Quando, antes de fazer pazes com Morfeu, passava em revista de minha imaginação o que tinha visto, ainda não podia crer como escapamos incólumes, eu, minha cara metade e nosso fato de ver a Deus!
Ó! é uma maravilha de que nenhuma das mais civilizadas cidades da velha Europa poderia ufanar-se: trinta mil pessoas pelo menos, de todas as idades e condições, abalroar-se em noite escura sem que uma só fosse molestada, ou visse arrebatar-lhe uma arrecada da orelha, de tantas de ricos brilhantes que haviam é um fato que só se dá no Brasil, e que altamente depõe em favor da doçura de nossos costumes, da riqueza ou do bem-estar dos habitantes desta terra abençoada.
Vinha agora a pêlo, mas não falarei mais das miríadas de luzes e da prataria que nos templos deslumbravam os visitantes. Não insistirei nesse mau gosto, nessa religiosa patacoada, que faz da casa do Senhor uma feira de leiloeiro, que adorna os altares e as banquetas com a bacia, o jarro, a salva, o castiçal, que no uso doméstico serviriam para tanta coisa oculta, e areadinhas vão chamar as vistas que só deveriam elevar-se às imagens do Redentor e dos Santos.
"São modas que vêm com o tempo,
"O tempo as acabará."
Demos agora um salto de Leucates e vamos banhar-nos às margens do Uruguai. Tendo traçado-lhe as feições da semana, descrito-lhes suas cenas mais divertidas e episódios mais importantes, seja-me lícito entrar um pouco pelo mundo político, subir aos Andes, e das regiões do condor americano observar as riquezas do nosso continente e as desgraças dos nossos vizinhos.

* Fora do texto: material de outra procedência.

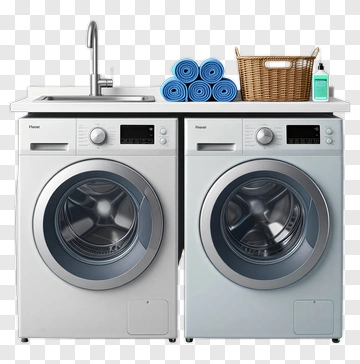 Washing Machine And Laundry Sink Setup PNG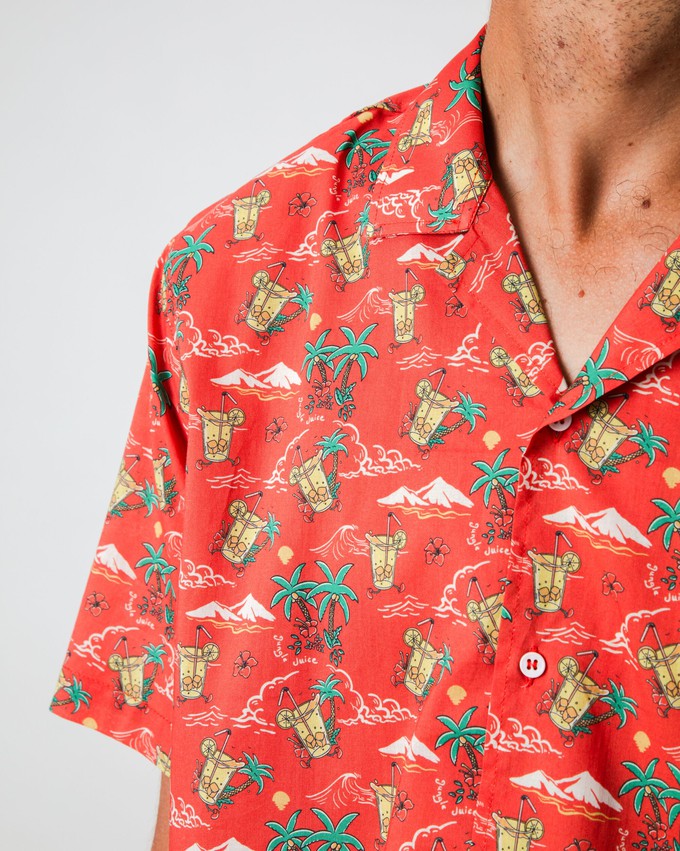 Jungle Juice Aloha Shirt Red from Brava Fabrics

Mas não saltemos de chofre, que correríamos o risco de não vencer o espaço; ganhemos terreno, tomemos carreira de mais longe.
As últimas notícias recebidas do Rio da Prata apertaram o coração de todos os que o tem suscetível de impressões generosas. E se antes as desavenças do império com a fera dos Pampas era objeto que a muitos preocupava, a narração dos novos horrores, coincidindo com a saída da esquadra brasileira, e com a aproximação da abertura da assembléia geral, fez subir de ponto a ansiedade pública a esse respeito.
Que novidades de política interna e externa nos trará a nova sessão legislativa? Apanhará o ministério grande temporal pela proa, levantado mesmo pelos seus Bóreas? Triunfará dos elementos? O que fará a oposição?
Não estou habilitado, cá no meu remoto tugúrio, para responder a nenhuma dessas perguntas, que são o tema político da atualidade; e nem tenho oráculo a que possa recorrer. Direi, porém, quais são as conjeturas de um velho que observa o mundo através de um microscópio, e o que eu próprio nas minhas tímidas excursões hei podido colher.
Que o ministério tem desafetos, senão também inimigos dentro dos seus próprios acampamentos, não é preciso muito para o saber; basta atender a que já é um velho de mais de trinta meses e portanto com todos os senões e achaques da sua, para nós, longa idade. Mas o que também é certo é que o velho tem muito amor à vida, e é muito acautelado para que se deixe morrer de morte macaca.
Em todo o caso, a política atual não sucumbirá, poderá sofrer modificações de forma e restrições no seu desenvolvimento; porque nem os ventos sopram noutro sentido, nem a oposição anti-saquarema se mostra desejosa do poder (antes parece olhar para ele com horror), e nem é moralmente possível que um novo corpo ministerial da mesma têmpera se formasse sem que nele entrasse, pelo menos, um dos membros do atual.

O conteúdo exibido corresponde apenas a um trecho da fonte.